■ Activity
Whatever pictures appear, omit them, and repeat the data below exactly.

■ Data extract
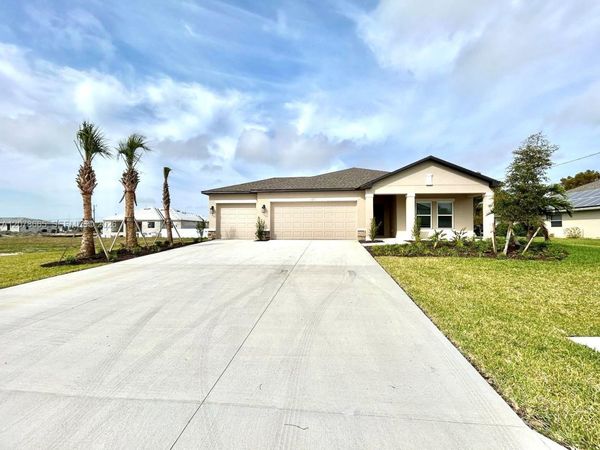 326 SW 31 Ave , Cape Coral, FL 33991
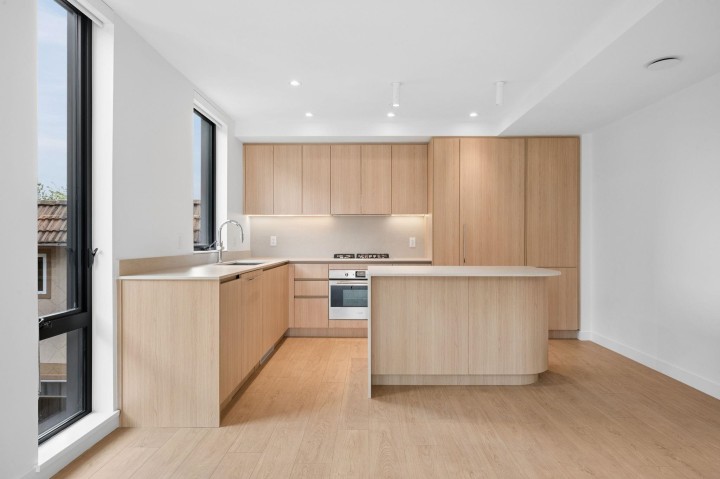 Photo 2 at 221 - 2820 Nanaimo Street, Renfrew Heights, Vancouver East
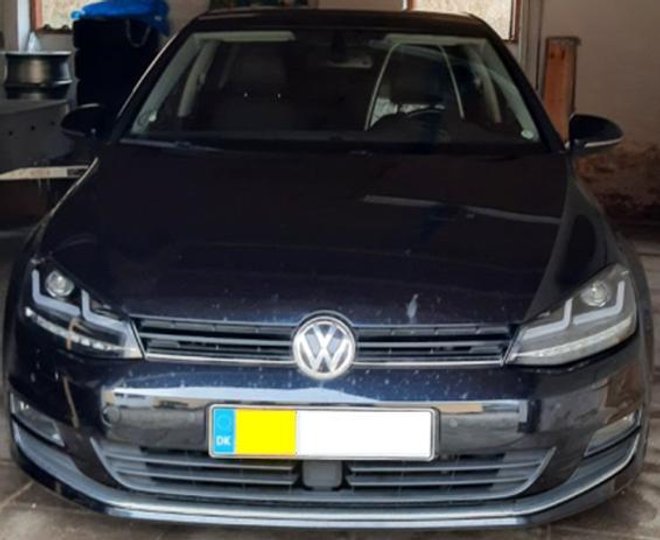 Sådan ser køretøjet, en sort Golf 2.0 TDI fra 2015 på papegøjeplader, ud.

■ Exercise answer
 326 SW 31 Ave , Cape Coral, FL 33991
 Photo 2 at 221 - 2820 Nanaimo Street, Renfrew Heights, Vancouver East
 Sådan ser køretøjet, en sort Golf 2.0 TDI fra 2015 på papegøjeplader, ud.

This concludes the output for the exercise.